Feel free to say anything about it like tactics, places where used, etc.


----------



## neverdrawn (Jan 3, 2009)

Mealworm tipped on a jig. (Generally green or red.) If at fish lake I like to use a spoon and tip it with perch and do a lot of jigging and depth changing.


----------



## Clarq (Jul 21, 2011)

Night crawlers always work well on community pond trout.


----------



## Ton_Def (Dec 23, 2008)

I like trout, so it's simple. Red sided shiners.
Big bait = Big fish


----------



## LOAH (Sep 29, 2007)

I have to go with meal worms. I like the super mealies from the pet store the best, but they can be a little too big for tipping tiny ice flies and such. With mealies, pretty much anything will bite it and it keeps ice fishing as entertaining as can be.

I really had a hard time not picking shiners though. Most of the time on shiners, you know you've got a decent fish on.

I've got a few experimental baits that I've got more work to try too. Just need to round them up and remember to try them.

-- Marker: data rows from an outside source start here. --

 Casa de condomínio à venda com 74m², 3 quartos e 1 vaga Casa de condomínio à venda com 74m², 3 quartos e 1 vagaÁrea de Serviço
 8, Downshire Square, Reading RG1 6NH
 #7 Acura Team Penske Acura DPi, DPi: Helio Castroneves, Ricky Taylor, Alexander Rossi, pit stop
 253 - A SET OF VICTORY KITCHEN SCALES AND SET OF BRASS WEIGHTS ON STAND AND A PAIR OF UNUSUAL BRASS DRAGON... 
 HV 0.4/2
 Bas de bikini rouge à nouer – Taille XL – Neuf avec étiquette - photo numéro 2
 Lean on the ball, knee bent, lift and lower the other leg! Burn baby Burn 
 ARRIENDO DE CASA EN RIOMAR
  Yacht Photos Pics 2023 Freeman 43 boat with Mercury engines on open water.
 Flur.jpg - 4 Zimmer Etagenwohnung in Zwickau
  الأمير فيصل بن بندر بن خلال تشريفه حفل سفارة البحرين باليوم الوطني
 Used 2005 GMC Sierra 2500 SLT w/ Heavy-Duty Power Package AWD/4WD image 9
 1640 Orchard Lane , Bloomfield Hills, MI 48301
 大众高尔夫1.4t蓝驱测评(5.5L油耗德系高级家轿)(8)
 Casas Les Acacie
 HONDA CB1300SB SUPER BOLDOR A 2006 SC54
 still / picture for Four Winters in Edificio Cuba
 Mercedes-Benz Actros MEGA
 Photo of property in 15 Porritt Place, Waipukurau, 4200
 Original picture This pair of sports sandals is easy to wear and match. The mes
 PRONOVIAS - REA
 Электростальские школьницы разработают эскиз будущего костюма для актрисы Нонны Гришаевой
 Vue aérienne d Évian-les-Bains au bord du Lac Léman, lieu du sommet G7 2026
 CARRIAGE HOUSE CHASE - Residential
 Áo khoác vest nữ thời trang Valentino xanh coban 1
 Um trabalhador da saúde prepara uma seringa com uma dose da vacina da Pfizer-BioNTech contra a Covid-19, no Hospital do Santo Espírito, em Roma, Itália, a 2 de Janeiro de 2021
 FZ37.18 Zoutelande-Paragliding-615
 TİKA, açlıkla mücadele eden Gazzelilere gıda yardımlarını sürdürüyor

(And you forgot salad shrimp. Those can be excellent. Perch love them.)


----------



## Chaser (Sep 28, 2007)

I'll use minnows, cutbait, waxies, mealies, and crawlers, but I ALWAYS add Smelly Jelly.


----------



## americanforkdude (Sep 13, 2007)

wax worms, shrimp or maggots...... Sometimes meal worms are the tickets but those are my top 3 maybe in that order...


----------



## blueboy22 (Sep 30, 2007)

I love waxies but have to say Power Bait. I forgot to buy waxies on a trip to Huntington reservoir ice fishing, no one had any to bye not even worms on the way up so I rolled up little Balls of Garlic PB and and put them on my Green Paddle bug and knocked the poo out of the fishies.
So Power Bait 
Then Waxies.
Of course there was that one time I knocked the poo out of the Fishies with waxies so maybe,
Waxies,
Then Power Bait


----------